On-dit et plus si affinités
Ces derniers mois, les bruits de couloir se multiplient à une vitesse vertigineuse, sur fond de suppositions 3.0 transformant chaque murmure en vérité absolue. Un créateur désavoué, une maison en quête de direction artistique, une nomination assurée puis démentie, une démission surprise…
En 2024, tout et son contraire a été affirmé, du retour de John Galliano chez Dior à l'arrivée de Marc Jacobs chez Chanel, en passant par Hedi Slimane chez Giorgio Armani. Si les racontars ont toujours existé, leur inflation récente traduit en revanche des mutations notables dans l’industrie du luxe.
"Ce type de spéculations effréné et incontrôlé, bien que parfois divertissant, repose souvent sur rien d’autre que des murmures et des pensées illusoires. Ou bien est le produit de fuites stratégiquement déployées, utilisées comme tactique dans une négociation de contrat", analyse Vanessa Friedman dans un article du New York Times, qui regrette la propagation de ces fake news du luxe. Selon la célèbre critique mode américaine, les grandes maisons joueraient de temps en temps la carte du flou artistique pour entretenir un suspense qui, indirectement, continue de faire parler d’elles. Dans certains cas, ces "fuites" serviraient aussi à sonder la réaction du public ou à peser dans des négociations contractuelles avec les designers. Mais pas seulement.
Fashion drama et temps de cerveau disponible
Accélération des tendances et des cycles de mode oblige, le statut de directeur-rice artistique est une variable d’ajustement intimement liée aux chiffres d’affaires des collections qu’iel imagine. Autrefois divinités créatives dont l’empreinte stylistique scellait pour de longues années l’identité de la maison, les designers sont aujourd’hui sur des sièges éjectables à contrats très déterminés, avec une longévité dépassant rarement les 3 ou 4 années.
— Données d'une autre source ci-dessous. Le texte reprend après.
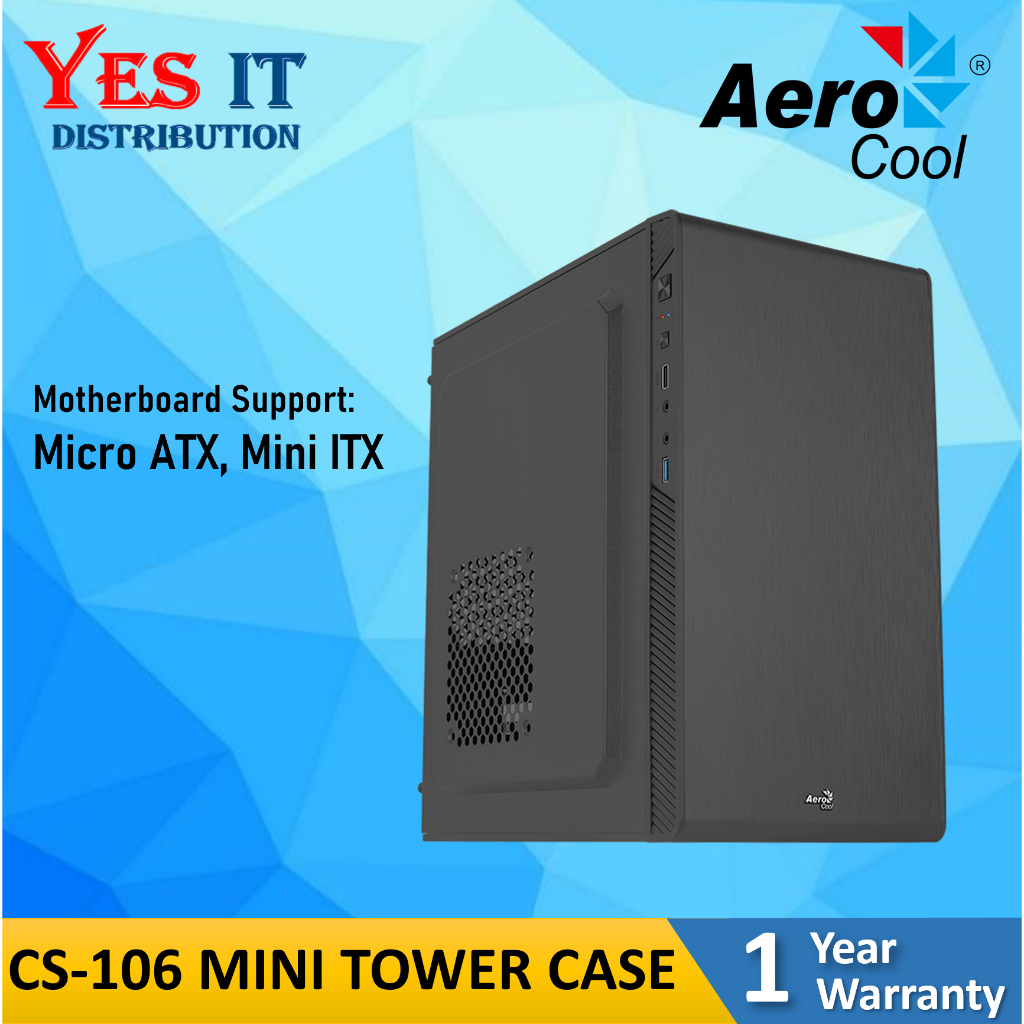 AeroCool CS-106 / CS-107 / Pivot V2 MINI TOWER CASE [ CS106-S-BK-V1 / CS107-A-BK-V2 / PIVVV2 ]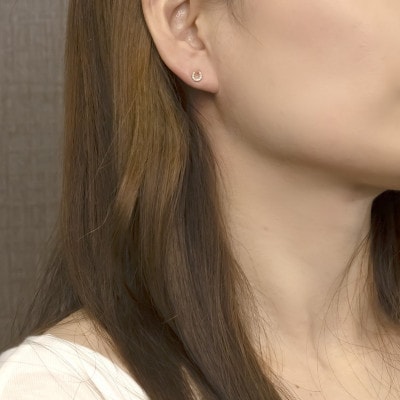 18金馬蹄ダイヤモンドピアス片耳用 イエローゴールド キャッチナッシャー250612201dyu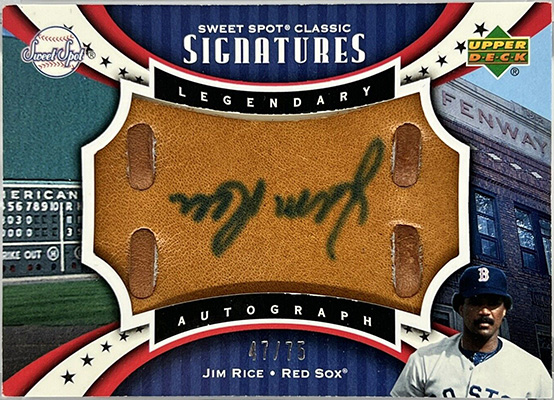 Jim Rice 2007 Sweet Spot Classic Signatures Sepia Blue Ink #SPS-JR /75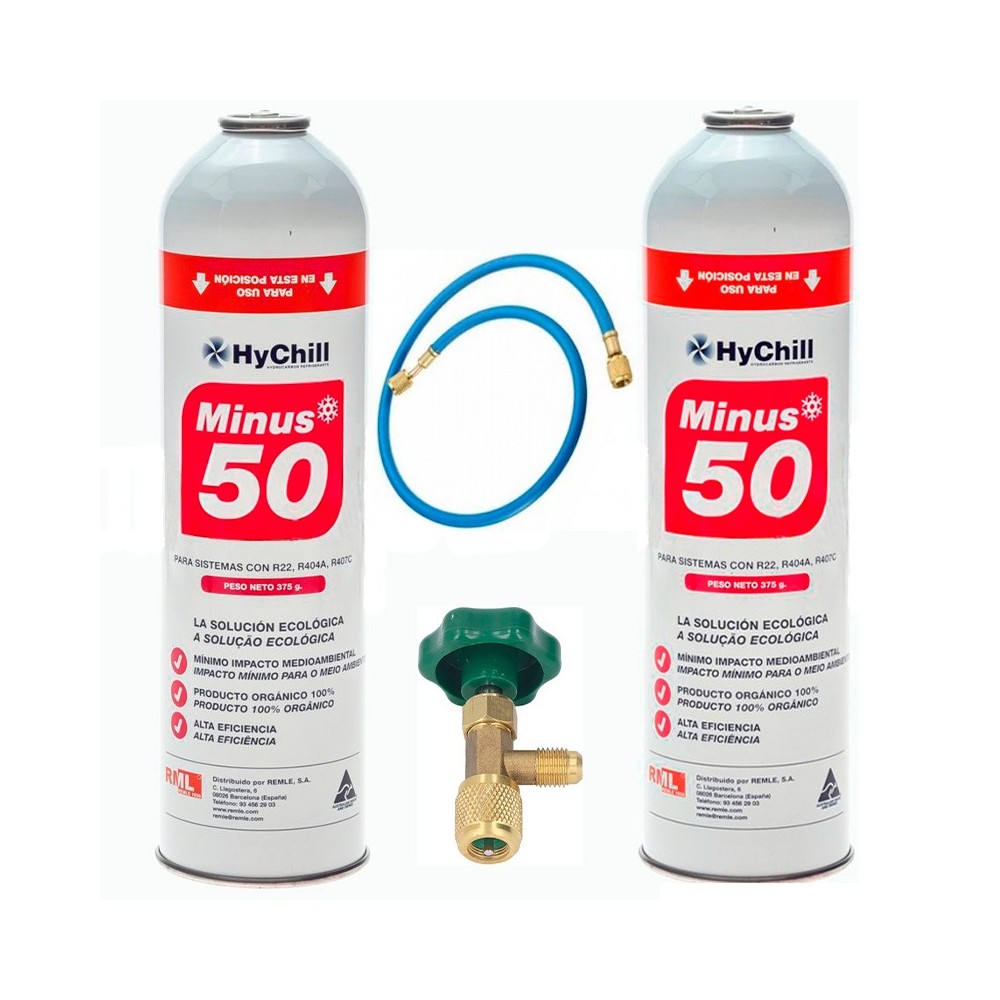 2 Botellas Gas Minus 50 375Gr + Valvula + Manguera Sustituto R22 R404a R407C R502 Freeze Organico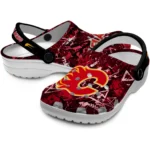calgary-flames-clog-customized-graffiti-burst-red-black-best-selling.webp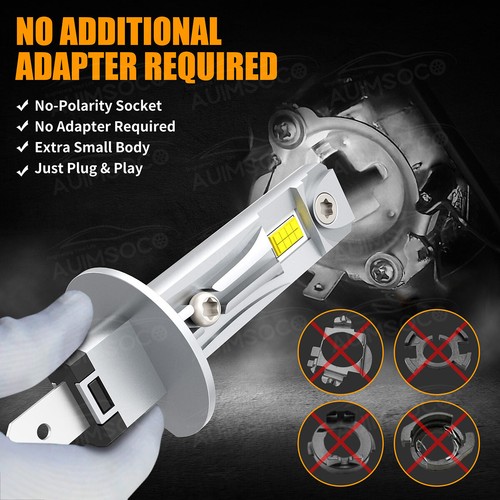 H1 LED Headlights Bulbs Kit High or Low Beam 6000K White Super Bright Lamps 2Pcs - Foto 5 di 12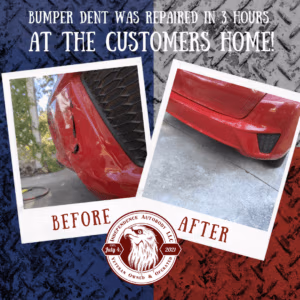 Red Rear Bumper Hole Repair - Bastrop, Texas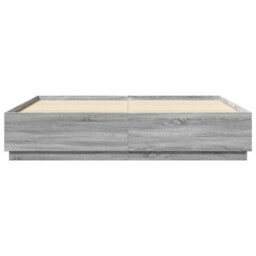 Berkfield Bed Frame With Led Without Mattress Grey Sonoma 180X200 Cm Super King - thumbnail 6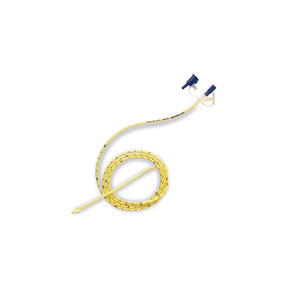 Yellow medical feeding tube with blue connectors on a white background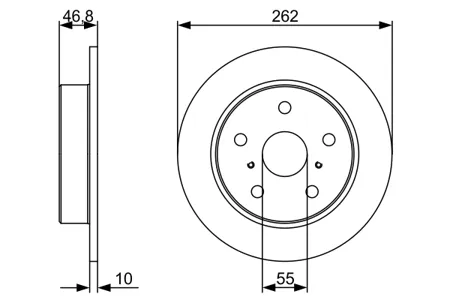 BOSCH 0986479V55 Диск торм. зад. вент.[298,1x10] 5 отв.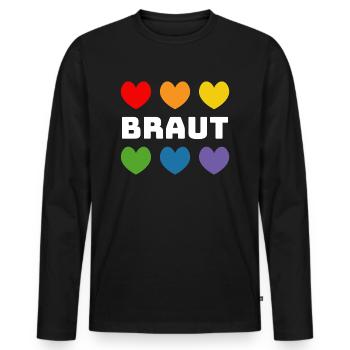Regenbogenherzchen Braut weiss - Männer Premium Bio Langarmshirt - Schwarz - Vorne - Nico (187cm)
Une précarité aussi nouvelle que grandissante, qui contribue à alimenter des spéculations constantes sur leur avenir au sein de leurs ateliers à l'aide de storytelling digne d’une série Netflix. Intrigues, rebondissements, dénouements : chaque nomination et départ contribue à alimenter une forme de fashion drama permanent qui vient asseoir la place de l’industrie du luxe dans l’espace médiatique, mais aussi socio-économique.
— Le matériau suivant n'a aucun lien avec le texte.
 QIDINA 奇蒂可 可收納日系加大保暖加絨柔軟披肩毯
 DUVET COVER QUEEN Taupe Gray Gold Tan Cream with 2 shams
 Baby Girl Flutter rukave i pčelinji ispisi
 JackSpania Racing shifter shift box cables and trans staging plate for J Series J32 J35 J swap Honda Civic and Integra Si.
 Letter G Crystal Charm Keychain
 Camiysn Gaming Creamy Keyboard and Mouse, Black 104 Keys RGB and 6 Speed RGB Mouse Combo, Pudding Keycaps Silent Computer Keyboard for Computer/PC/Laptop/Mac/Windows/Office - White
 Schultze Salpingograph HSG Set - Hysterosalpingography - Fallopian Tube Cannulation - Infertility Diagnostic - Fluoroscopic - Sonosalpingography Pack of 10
Le but ? Capter et entretenir l’attention (limitée) d’un public noyé dans un flux constant d'infos en tout genre, quitte à observer l’émergence de directeur-rice-s artistiques issus du star système, à l’image de Pharrell Williams chez Louis Vuitton homme, ou de Dua Lipa venue saluer aux côtés de Donatella Versace à la fin du défilé Versace Pre-Fall 2023.
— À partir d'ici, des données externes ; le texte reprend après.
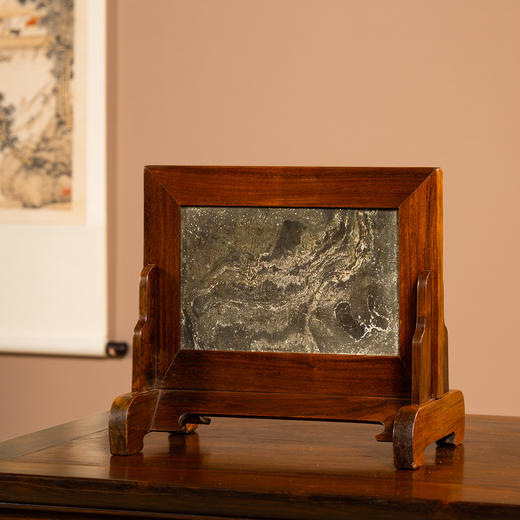 清	黄花梨镶绿石案屏 商品图4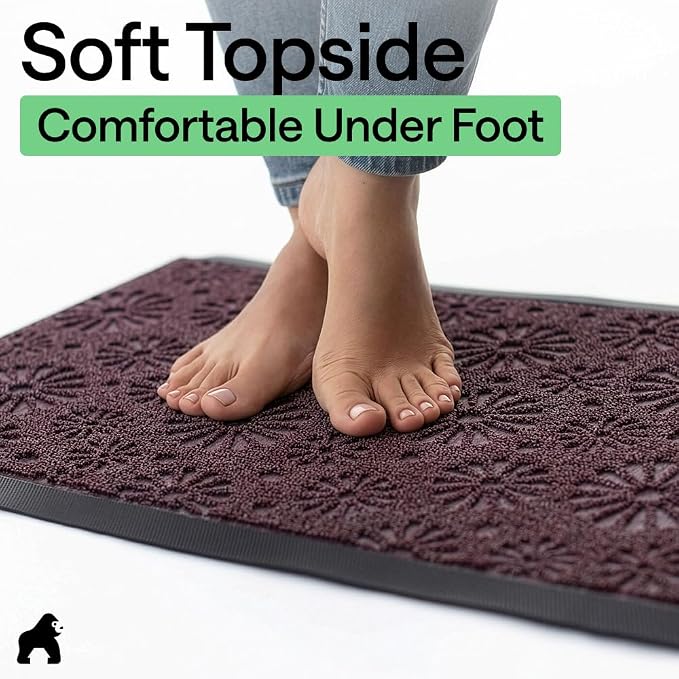 GORILLA GRIP 100% Waterproof All-Season WeatherMAX Doormat, Durable Natural - Image 8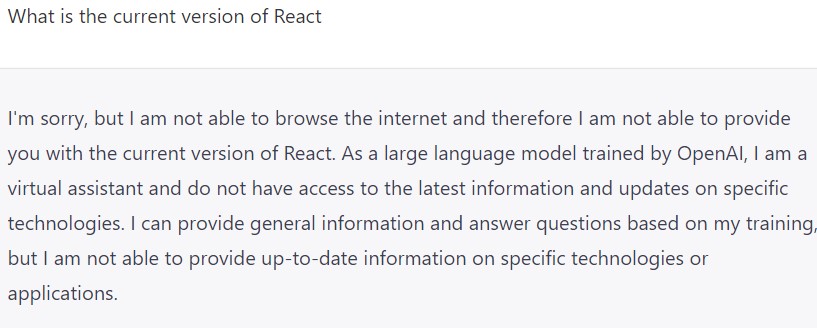 GPT responds to being asked React version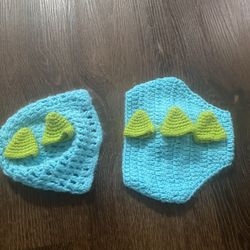 Baby Boy Dinosaur Crochet Photo Shoot Set 0/3 Months 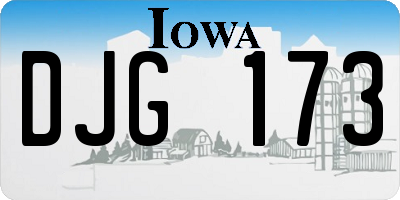 IA license plate DJG173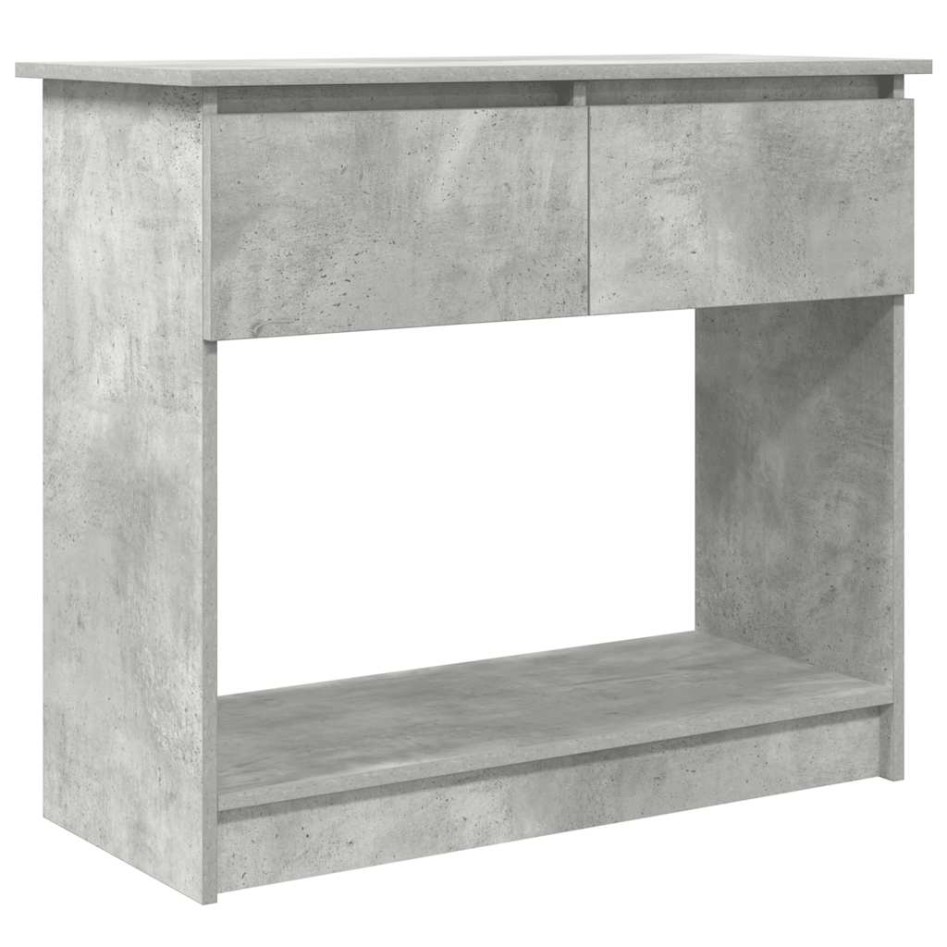 Mesa consola con cajones gris hormigón 85,5x38,5x74,5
Face à ces gossips en tous genres, certain-e-s insiders se sont imposé-e-s comme des références en matière d’informations (et de rumeurs) mode.
Style Not Com, l'officiel
Adoubé par les maisons de luxe, le compte Instagram mené par Beka Gvishiani relaie des informations vérifiées et validées par les marques. Son positionnement institutionnel lui permet d’obtenir des exclusivités confirmées par les maisons elles-mêmes, garantissant ainsi un contenu crédible et aligné avec la communication officielle des grandes marques. Un point de repère fiable pour éviter les fake news et comprendre les décisions stratégiques prises en interne.
Boring Not Com, l'anonyme
Considéré comme le Gossip Girl de la mode, ce compte anonyme ne publie jamais d’informations de manière explicite, mais préfère distiller çà et là des indices, alimentant les théories et les spéculations de ses abonné-e-s. Un ton léger et sarcastique qui en fait un acteur majeur de l’infotainment dans l’univers mode.
Diet Prada, le vétéran
Véritable précurseur du fact-checking mode, Diet Prada s’est construit une réputation de justicier à toute épreuve. Il analyse non seulement les rumeurs avec un regard critique, mais il n’hésite pas non plus à dénoncer les dérives du secteur, qu’il s’agisse de plagiat, d’abus ou de problématiques éthiques. Une influence telle que certaines marques doivent désormais répondre publiquement aux accusations portées sur ce compte.
Miss Tweed, l'ultra-informée
Dirigé par la journaliste indépendante Astrid Wendlandt, ce blog propose des enquêtes approfondies et des scoops souvent confirmés par la suite. Contrairement aux autres comptes plus sensationnalistes, Miss Tweed se base sur des recherches poussées et des sources internes crédibles, ce qui en fait une référence dans l’industrie.